After importing photos from my digital camera, I often find that pictures I took in landscape mode are rotated to portrait mode. Rotating photos is no big deal—I can’t imagine any image editor that won’t let you do it—but I want the rotation to be done losslessly and I want to know it’s being done losslessly. Enter exiftool, an extremely full-featured program and Perl library for editing the EXIF metadata in image files. With exiftool, I can remove the spurious rotation that sometimes appears, and I know that it’s a lossless operation because exiftool doesn’t touch the image itself, only the metadata.

For a few years now, digital cameras have included a device that tracks the orientation of the camera and puts that information into the image file’s metadata. Applications that display images read that information and present the image rotated accordingly. The orientation information is expressed as an integer and written to a specific field in the EXIF metadata for the image.

If the camera is in landscape orientation with the bottom of the camera down, the orientation value is 1:

We can use exiftool to tell us this by executing

exiftool -Orientation -n <imagename>

and out will pop

Orientation                     : 1

If we leave out the -n option, exiftool will tell us the orientation in English:

exiftool -Orientation <imagename>

gives

Orientation                     : Horizontal (normal)

If the camera is rotated so the top is pointing to the photographer’s left, the image will look like this on our computer

and exiftool will tell us the orientation as

Orientation                     : 8

or

Orientation                     : Rotate 270 CW

which tells the software on the computer to rotate the image data 270° clockwise before displaying it.

Finally, if the camera is rotated so its top is pointed to the photographer’s right, the image will look like this on our computer

and exiftool will tell us the orientation as

Orientation                     : 6

or

Orientation                     : Rotate 90 CW

So far, so good. The photos of Dr. Doom appeared on my computer with the correct orientation because my computer looked at the Orientation field of the EXIF data and rotated the image accordingly.

Unfortunately, I happen to take a lot of photographs looking down, with the camera’s image sensor in a nearly horizontal plane. In this position, the orientation device—which presumably uses gravity to figure out which way is up—doesn’t have much to go on, and the value of the Orientation field is kind of a crapshoot.
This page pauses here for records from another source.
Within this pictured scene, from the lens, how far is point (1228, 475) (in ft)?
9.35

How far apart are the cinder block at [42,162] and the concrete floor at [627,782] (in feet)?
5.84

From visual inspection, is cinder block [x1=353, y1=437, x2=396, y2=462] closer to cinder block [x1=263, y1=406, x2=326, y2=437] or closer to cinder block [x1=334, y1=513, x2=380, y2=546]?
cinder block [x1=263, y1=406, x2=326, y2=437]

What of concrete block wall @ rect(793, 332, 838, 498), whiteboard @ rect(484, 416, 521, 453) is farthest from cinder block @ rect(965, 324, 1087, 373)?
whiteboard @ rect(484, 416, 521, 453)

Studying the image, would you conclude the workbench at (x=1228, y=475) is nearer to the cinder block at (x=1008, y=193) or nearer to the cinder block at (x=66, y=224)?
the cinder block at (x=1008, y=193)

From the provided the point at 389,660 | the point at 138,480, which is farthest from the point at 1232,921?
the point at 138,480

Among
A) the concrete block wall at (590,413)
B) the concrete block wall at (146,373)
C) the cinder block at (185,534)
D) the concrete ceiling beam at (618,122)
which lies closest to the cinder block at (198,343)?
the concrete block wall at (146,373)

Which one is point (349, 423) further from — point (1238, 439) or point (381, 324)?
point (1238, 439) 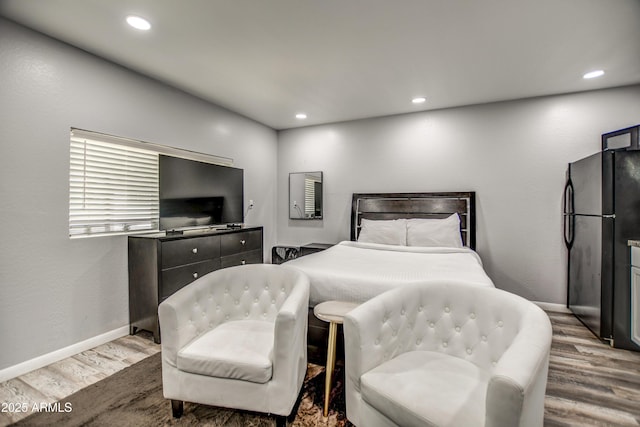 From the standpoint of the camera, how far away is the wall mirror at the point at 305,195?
492 cm

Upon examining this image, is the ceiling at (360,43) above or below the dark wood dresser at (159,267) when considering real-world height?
above

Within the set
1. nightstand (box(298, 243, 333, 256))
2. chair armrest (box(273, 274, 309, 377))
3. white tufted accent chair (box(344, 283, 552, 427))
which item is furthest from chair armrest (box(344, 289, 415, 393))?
nightstand (box(298, 243, 333, 256))

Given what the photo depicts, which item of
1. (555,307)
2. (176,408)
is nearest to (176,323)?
(176,408)

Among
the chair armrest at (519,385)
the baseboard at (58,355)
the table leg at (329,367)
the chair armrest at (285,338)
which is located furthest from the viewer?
the baseboard at (58,355)

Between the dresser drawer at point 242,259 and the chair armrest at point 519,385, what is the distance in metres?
2.98

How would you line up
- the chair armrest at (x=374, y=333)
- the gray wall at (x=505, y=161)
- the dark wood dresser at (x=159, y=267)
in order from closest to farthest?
the chair armrest at (x=374, y=333), the dark wood dresser at (x=159, y=267), the gray wall at (x=505, y=161)

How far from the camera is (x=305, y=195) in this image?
5008 millimetres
I think it reports the orientation the camera was in just before I pointed it down to take the picture. And that could be any orientation, because I never think about how I’m holding the camera before I’m ready to shoot.

When this inadvertent rotation occurs, I typically want to get rid of the rotation and put the photo in landscape orientation. Exiftool has a way of doing that. Instead of having it report the value of the Orientation field, I can have it write the value1:

exiftool -Orientation=1 -n <imagename>

will get stick the value of 1 into the Orientation field, and my computer will now display the images as if the camera had been held in the normal orientation. Doing this to the two portrait images of Dr. Doom yields

and

respectively.

I found myself doing this enough that I wrote a one-line shell script to save myself from typing “Orientation” over and over. I call it derotate:

#!/bin/bash

exiftool -Orientation=1 -n "$@"

One nice thing about derotate (which it inherits from exiftool) is that I can invoke it with as many arguments as I want:

derotate <imagename1> <imagename2> <imagename3> ...

and all of the images will be derotated.

There’s more to the Orientation field than 1, 6, and 8. A value of 3 represents an image rotated upside down (which my current camera, a Canon G10, doesn’t seem to generate), and values of 2, 4, 5, and 7 represent combinations of rotation and mirroring. You can see a full discussion here.

There’s more to exiftool, too. Read the fine manual.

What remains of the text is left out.